Copy every line from the one that holds "Green Day performing before Super Bowl 60" to the end of the records below, exactly and with nothing else, but without any pictures.

BEGIN

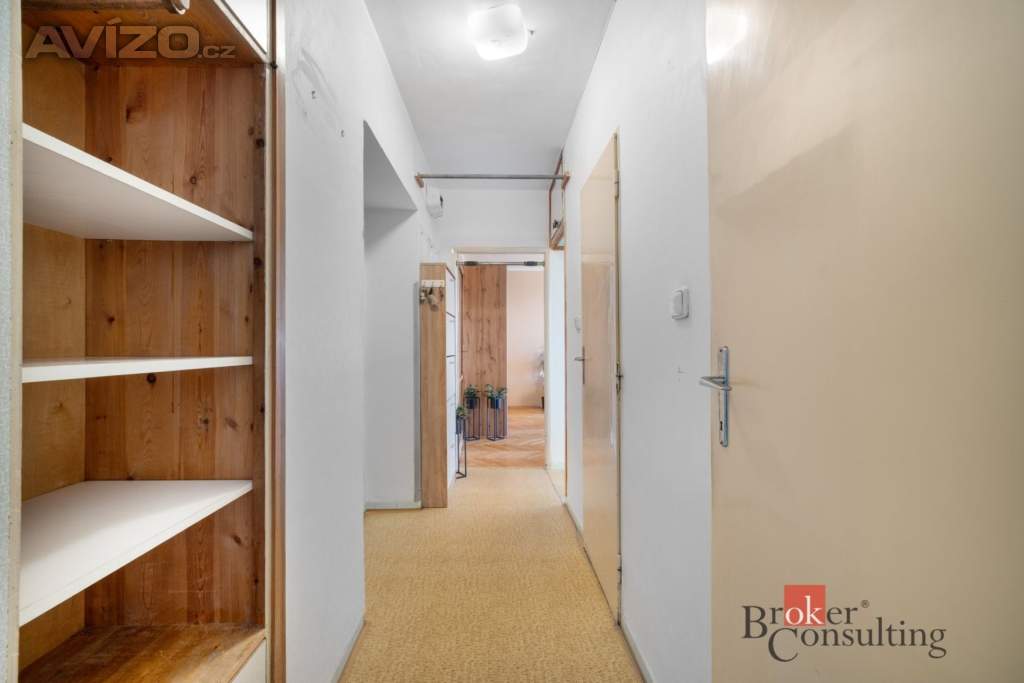 Foto inzerátu Prodej bytu 2+1 56 m², Brno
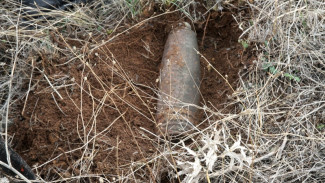 Крымчанина осудили за хранение минометной мины 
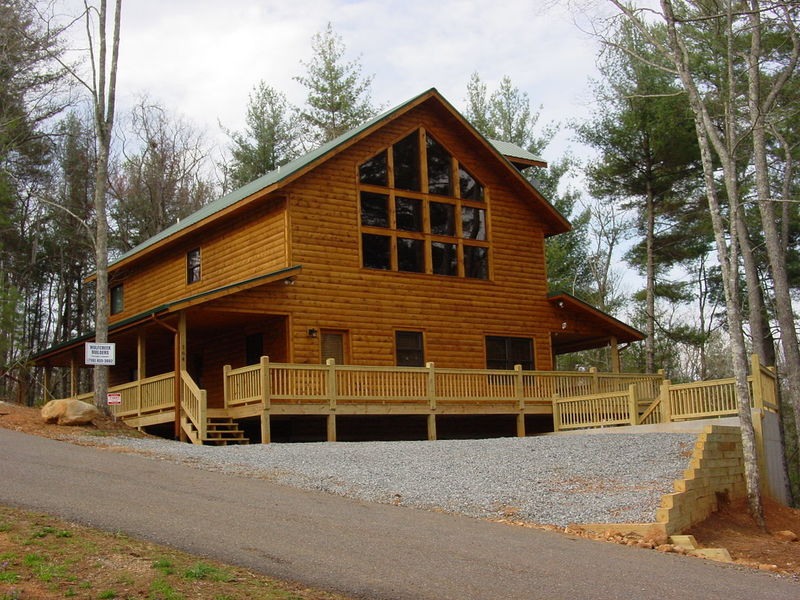 Cherokee Dream Nevaeh Cabin Rentals
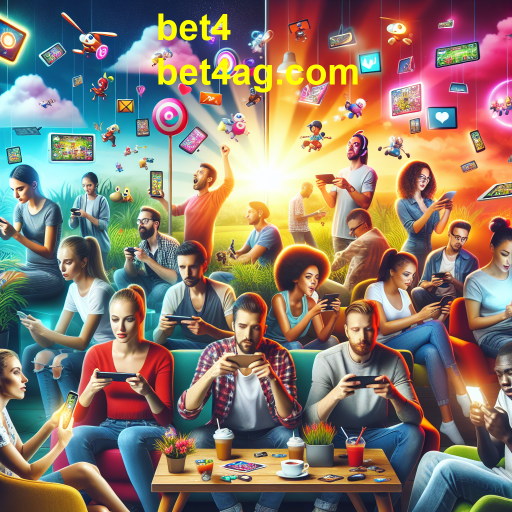 A Revolução dos Jogos Mobile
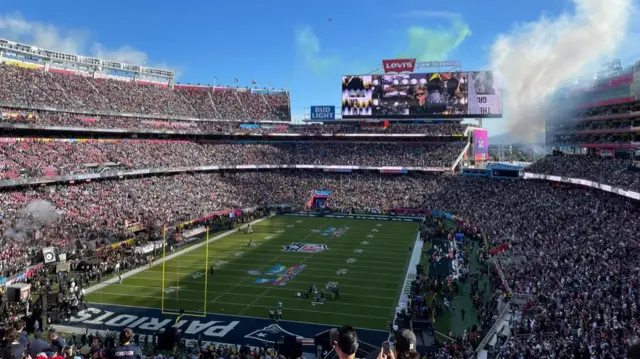 Green Day performing before Super Bowl 60
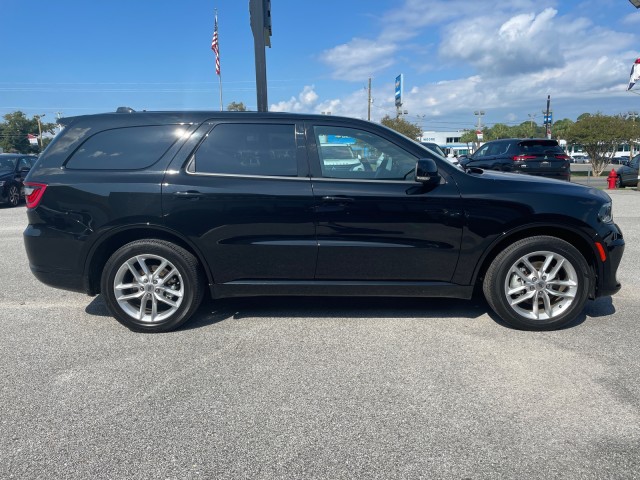 used 2022 Dodge Durango car, priced at $33,995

END

§ **Task result**
 Green Day performing before Super Bowl 60
 used 2022 Dodge Durango car, priced at $33,995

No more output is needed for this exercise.